History

United Kingdom
- Name: HMS Vestal
- Namesake: Vesta (mythology)
- Ordered: 9 November 1831
- Builder: Sheerness Dockyard
- Cost: £19,173 (£27,508 fitted)
- Laid down: May 1832
- Launched: 6 April 1833
- Completed: By 15 July 1833
- Fate: Sold for breaking up by order dated 17 February 1862

General characteristics
- Class & type: Vestal-class sixth-rate frigate
- Tons burthen: 911 75⁄94 (bm)
- Length: 130 ft (39.6 m) (gundeck); 104 ft 6 in (31.9 m) (keel);
- Beam: 40 ft 6 in (12.3 m)
- Depth of hold: 10 ft 6 in (3.2 m)
- Sail plan: Full-rigged ship
- Complement: 240
- Armament: Upper deck: 18 × 32-pounder guns; Quarterdeck: 6 × 32-pounder gunnades; Forecastle: 2 × 32-pounder gunnades;

= HMS Vestal (1833) =

Frigate of the Royal Navy

HMS Vestal was a 26-gun sixth-rate frigate of the Royal Navy. She was built to a design by Sir William Symonds and was launched in 1833.

On her maiden voyage, she departed for the West Indies on 19 October 1833, and arrived in Barbados on 3 December of that year. In October 1835, Vestal seized the Spanish slave ship Amalia. This was to a regular part of her Caribbean duties. During 1838 and 1839, she was in Havana protecting British interests off the coast of Mexico. During the following years she visited Canada, Jamaica, the United States, Argentina and Tasmania.
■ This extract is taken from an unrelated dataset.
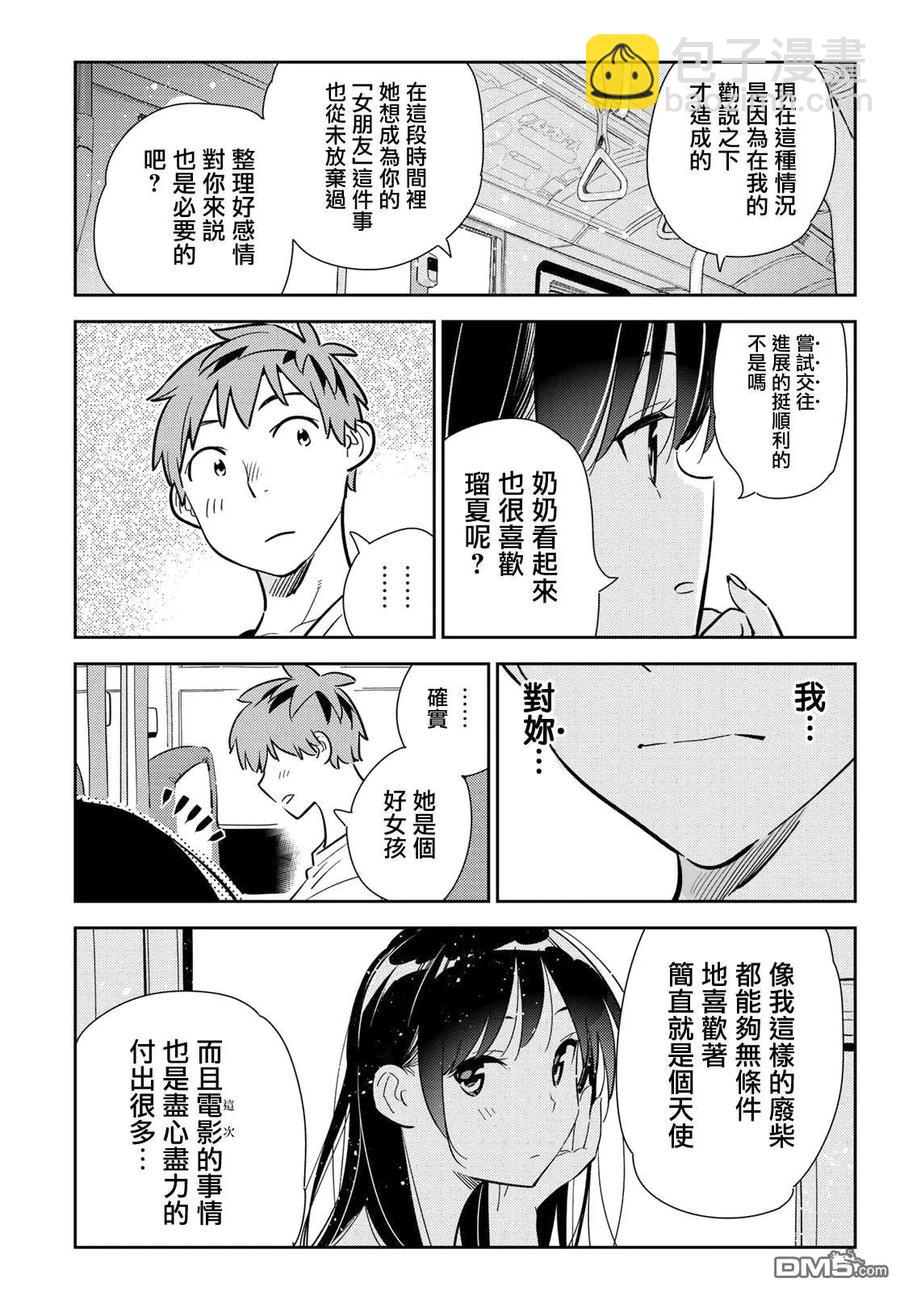 《女朋友、借我一下》第138话 最后一幕与女朋友（7） 第7页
On 26 August 1852, Vestal ran aground on the Hemstead Ledge, west of The Needles, Isle of Wight whilst on a voyage from Portsmouth, Hampshire to the West Indies. After throwing her guns overboard, she was refloated and taken back to Portsmouth for inspection and repair. She was decommissioned in 1860; and broken up in 1862.